Still no festivals. But they’re coming. Expect one next week.
A Valley Girl, Castro, Friday. Was there ever a less promising film to become a classic? Made on a miniscule budget, financed by people more concerned with tits than story, and with a title ripped off from a recent novelty song hit, Valley Girl was intended to be just one of many teenage sexploitation movies glutting the early-’80s drive-ins. Yet writers Wayne Crawford and Andrew Lane and director Martha Coolidge turned it into an updated version of Romeo and Juliette, and the ultimate teenage romantic comedy. Valley Girl sports Nicolas Cage in his first major role (before he got weird) and makes some of the best use of rock ‘n’ roll ever in a movie that isn’t actually about music. On a double bill with Raising Arizona, which I saw and liked long ago.
C+ Suspicion, Cerrito, Thursday, 7:00. If there ever was an Alfred Hitchcock film ruined by the studio, it was his third American movie, Suspicion. And the sad part is that it could have been one of his best. Joan Fontaine stars as a young bride who begins to suspect that her new husband, Cary Grant, just may be a serial killer, and that she’s in line to be his next victim. Alas, the powers that be felt that Hitchcock’s original ending was a little too much of a downer, and not sufficiently positive about the sanctuary of marriage. The result is a thriller that falls apart so badly at the end that it negates everything that came before.
C+ Sweet Dreams, New Parkway, opens Friday. This upbeat, everything-turns-out-okay documentary tries to tell three different stories in 84 minutes. While it has its high points, it doesn’t do justice to any of its multiple topics. The setting is modern Rwanda, not quite 20 years after the genocide. But Sweet Dreams is only peripherally about the scars of mass murder. It concentrates mostly on drumming and starting an ice cream parlor. Especially the ice cream parlor. I wanted depth. I wanted sustenance. But for too much of Sweet Dreams’ running time, I just got ice cream. Great drumming, though. Read my full review.

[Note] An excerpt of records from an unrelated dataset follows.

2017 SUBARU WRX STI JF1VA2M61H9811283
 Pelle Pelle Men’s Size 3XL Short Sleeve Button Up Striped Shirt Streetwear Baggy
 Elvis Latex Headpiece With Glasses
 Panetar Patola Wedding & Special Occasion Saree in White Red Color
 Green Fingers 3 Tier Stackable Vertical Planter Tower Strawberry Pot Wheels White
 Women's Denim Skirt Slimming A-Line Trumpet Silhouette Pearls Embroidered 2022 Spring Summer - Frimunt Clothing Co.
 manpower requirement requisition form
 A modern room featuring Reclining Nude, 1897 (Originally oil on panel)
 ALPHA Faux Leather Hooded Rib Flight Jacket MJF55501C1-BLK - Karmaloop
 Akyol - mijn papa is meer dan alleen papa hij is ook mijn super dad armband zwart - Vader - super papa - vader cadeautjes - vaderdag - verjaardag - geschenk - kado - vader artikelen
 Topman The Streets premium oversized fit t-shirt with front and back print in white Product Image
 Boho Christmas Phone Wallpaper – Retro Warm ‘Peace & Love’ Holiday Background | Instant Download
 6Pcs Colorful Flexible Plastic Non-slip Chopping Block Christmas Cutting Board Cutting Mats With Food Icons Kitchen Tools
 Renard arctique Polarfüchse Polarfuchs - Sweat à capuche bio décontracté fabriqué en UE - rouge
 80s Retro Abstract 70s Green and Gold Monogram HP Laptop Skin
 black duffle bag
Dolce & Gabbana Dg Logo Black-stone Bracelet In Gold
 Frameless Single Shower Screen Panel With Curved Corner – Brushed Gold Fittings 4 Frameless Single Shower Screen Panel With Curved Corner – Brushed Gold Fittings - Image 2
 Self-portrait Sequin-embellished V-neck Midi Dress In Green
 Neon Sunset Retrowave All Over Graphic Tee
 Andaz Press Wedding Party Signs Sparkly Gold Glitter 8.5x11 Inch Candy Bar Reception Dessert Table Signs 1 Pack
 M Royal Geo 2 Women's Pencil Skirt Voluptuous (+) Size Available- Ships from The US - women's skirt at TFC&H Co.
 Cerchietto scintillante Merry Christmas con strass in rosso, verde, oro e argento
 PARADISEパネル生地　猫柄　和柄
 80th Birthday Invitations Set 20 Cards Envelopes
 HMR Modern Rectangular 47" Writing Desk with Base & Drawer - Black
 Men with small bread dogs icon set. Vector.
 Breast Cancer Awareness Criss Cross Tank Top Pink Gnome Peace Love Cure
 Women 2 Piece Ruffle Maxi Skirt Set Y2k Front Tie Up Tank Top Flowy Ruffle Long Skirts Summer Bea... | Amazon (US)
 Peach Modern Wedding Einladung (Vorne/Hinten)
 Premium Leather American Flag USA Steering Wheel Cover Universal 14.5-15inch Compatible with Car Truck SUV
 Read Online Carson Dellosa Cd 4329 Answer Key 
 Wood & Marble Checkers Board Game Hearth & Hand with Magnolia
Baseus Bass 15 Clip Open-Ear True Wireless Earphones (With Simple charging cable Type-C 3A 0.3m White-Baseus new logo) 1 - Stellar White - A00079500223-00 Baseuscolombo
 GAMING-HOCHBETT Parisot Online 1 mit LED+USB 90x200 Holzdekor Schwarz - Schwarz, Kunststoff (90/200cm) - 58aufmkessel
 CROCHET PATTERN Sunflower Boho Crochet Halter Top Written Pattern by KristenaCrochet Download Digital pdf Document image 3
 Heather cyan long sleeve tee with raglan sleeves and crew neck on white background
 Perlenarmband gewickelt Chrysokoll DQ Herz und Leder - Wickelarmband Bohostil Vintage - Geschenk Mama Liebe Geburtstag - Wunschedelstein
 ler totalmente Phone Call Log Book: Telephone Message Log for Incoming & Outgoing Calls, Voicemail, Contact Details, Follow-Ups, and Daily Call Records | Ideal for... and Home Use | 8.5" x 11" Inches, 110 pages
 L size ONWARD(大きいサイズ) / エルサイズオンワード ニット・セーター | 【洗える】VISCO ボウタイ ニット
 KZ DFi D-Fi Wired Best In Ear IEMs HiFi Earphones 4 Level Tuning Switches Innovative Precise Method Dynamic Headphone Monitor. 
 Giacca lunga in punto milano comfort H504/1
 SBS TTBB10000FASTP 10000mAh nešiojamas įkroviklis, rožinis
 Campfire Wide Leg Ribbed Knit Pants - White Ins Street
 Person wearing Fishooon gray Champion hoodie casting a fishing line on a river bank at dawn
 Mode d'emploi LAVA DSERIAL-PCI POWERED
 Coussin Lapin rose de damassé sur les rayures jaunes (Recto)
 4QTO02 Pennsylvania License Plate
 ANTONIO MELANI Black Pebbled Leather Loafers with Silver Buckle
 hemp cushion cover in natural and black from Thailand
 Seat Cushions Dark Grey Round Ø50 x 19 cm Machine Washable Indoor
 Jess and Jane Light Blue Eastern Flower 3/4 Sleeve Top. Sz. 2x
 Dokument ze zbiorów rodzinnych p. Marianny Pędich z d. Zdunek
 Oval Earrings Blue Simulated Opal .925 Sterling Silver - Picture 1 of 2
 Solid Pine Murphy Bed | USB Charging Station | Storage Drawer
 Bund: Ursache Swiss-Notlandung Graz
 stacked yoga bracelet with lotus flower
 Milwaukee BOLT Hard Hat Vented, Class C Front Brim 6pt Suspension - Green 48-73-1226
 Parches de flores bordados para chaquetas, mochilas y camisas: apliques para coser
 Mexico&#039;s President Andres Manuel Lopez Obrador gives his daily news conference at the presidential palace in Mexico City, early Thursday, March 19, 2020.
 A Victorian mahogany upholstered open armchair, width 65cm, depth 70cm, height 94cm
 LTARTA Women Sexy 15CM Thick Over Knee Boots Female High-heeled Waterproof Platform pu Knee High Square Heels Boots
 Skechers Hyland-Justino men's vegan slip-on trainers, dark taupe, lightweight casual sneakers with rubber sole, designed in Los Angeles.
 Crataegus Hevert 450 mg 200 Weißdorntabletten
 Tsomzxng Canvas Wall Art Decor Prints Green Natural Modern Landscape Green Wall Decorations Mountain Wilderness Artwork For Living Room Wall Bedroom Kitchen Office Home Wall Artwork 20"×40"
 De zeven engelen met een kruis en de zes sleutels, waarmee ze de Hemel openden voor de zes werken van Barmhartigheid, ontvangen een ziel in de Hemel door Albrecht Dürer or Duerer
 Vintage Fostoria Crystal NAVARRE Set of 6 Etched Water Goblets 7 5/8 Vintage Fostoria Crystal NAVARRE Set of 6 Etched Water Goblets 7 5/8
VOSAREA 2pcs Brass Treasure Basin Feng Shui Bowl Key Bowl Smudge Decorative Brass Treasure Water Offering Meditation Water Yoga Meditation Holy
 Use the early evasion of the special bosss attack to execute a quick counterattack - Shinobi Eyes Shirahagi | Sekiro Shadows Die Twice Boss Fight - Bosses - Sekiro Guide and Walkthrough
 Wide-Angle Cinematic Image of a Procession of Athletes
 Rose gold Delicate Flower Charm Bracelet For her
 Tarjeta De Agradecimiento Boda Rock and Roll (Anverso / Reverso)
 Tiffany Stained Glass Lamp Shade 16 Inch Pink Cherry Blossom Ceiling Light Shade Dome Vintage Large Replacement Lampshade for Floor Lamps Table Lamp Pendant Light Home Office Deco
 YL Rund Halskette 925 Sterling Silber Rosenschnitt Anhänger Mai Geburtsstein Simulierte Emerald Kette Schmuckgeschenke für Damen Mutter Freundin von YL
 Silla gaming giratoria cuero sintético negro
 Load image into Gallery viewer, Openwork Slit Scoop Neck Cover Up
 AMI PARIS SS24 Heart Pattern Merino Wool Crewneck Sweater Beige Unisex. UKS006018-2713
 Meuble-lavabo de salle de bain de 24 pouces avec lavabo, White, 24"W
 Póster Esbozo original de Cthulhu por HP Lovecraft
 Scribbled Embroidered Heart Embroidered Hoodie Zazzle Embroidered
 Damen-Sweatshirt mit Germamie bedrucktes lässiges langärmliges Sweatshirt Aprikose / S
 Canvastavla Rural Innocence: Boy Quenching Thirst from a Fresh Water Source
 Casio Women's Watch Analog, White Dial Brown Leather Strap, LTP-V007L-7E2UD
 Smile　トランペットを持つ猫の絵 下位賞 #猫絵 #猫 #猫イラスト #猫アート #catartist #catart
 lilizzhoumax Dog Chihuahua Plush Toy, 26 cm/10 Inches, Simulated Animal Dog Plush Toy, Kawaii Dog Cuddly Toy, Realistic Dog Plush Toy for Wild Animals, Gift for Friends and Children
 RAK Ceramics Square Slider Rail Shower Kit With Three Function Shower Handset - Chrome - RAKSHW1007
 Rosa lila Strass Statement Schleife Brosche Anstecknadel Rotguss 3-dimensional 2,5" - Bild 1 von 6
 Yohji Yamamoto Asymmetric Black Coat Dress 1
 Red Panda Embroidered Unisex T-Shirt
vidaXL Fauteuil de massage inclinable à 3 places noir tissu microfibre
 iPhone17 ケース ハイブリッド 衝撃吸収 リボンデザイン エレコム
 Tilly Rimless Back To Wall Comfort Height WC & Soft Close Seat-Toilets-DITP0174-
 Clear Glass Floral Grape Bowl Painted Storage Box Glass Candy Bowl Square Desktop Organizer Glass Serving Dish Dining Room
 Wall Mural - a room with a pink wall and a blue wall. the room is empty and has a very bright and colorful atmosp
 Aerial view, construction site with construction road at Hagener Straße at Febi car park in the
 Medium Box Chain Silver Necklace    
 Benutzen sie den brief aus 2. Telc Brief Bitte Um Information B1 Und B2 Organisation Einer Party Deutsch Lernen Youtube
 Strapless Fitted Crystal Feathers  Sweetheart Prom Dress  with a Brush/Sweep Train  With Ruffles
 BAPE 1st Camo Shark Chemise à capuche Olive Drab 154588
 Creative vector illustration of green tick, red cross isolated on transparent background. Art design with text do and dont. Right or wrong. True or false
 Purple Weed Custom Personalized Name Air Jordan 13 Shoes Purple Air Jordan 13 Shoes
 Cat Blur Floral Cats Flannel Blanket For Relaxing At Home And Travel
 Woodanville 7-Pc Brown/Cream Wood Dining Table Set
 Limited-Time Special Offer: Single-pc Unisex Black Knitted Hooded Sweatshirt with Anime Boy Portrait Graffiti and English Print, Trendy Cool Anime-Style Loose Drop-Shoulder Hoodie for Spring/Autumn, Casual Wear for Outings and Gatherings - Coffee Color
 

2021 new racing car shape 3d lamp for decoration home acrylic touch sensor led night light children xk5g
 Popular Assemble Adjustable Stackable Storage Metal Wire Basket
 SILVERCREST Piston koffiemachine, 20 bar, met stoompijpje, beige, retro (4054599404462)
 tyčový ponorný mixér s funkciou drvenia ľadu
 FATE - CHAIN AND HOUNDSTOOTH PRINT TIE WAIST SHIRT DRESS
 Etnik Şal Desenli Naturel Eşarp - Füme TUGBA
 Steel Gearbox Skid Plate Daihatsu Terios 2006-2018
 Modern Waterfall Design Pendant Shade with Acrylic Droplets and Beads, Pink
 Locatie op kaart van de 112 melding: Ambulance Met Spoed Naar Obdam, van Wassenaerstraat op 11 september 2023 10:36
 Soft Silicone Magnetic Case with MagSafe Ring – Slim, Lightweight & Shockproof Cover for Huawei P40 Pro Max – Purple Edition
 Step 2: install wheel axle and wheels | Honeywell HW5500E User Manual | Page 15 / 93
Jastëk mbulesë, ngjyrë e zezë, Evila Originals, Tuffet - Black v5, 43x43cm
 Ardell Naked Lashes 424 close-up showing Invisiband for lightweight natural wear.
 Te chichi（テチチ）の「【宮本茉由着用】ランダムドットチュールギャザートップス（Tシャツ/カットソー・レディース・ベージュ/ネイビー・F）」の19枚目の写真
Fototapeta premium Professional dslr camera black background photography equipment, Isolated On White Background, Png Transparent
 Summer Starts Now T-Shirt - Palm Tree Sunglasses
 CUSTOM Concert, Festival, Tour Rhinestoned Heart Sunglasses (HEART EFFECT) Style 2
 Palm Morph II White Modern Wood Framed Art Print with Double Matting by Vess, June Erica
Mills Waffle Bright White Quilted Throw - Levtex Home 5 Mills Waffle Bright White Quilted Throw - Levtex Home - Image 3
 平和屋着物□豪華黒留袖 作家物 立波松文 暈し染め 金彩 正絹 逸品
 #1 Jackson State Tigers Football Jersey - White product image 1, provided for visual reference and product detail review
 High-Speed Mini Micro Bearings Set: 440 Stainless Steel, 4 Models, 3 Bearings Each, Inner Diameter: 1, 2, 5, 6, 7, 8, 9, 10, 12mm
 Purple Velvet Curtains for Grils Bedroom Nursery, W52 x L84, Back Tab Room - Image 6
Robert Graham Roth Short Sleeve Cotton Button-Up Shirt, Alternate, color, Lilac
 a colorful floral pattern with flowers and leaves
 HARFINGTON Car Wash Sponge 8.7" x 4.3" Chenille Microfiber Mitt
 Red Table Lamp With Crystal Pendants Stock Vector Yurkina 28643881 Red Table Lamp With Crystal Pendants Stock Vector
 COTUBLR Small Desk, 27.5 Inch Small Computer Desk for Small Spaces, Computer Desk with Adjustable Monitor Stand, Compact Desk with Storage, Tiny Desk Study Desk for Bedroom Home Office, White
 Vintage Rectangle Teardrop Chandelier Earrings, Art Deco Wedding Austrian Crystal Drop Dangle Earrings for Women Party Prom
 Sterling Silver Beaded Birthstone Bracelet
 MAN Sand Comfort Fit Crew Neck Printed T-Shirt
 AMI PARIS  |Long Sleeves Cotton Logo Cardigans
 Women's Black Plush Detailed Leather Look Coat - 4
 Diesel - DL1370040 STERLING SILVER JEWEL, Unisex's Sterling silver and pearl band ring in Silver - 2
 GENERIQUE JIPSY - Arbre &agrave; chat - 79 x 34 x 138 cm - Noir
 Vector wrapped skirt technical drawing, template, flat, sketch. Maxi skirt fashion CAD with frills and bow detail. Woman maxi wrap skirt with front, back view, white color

B- Alfred Hitchcock Double Bill: Rebecca & Suspicion, Stanford, Through Sunday. Rebecca earns this double bill it’s B-. With its few fleeting moments of suspense, Alfred Hitchcock’s first American film feels little like a Hitchcock movie. Basically a weepie, it stars Joan Fontaine as a young American who marries a British aristocrat (Laurence Olivier), only to find that she has to compete with the memory of his dead first wife. Although it’s not what Hitchcock fans expect, it’s still an entertaining melodrama, with a fine, over-the-top performance by Judith Anderson as the brooding servant who cannot bear to think that a usurper has replaced her lady (her performance provides the most Hitchcockian moments in the picture). This was Hitchcock’s only Best Picture Oscar winner. See above for more on Suspicion.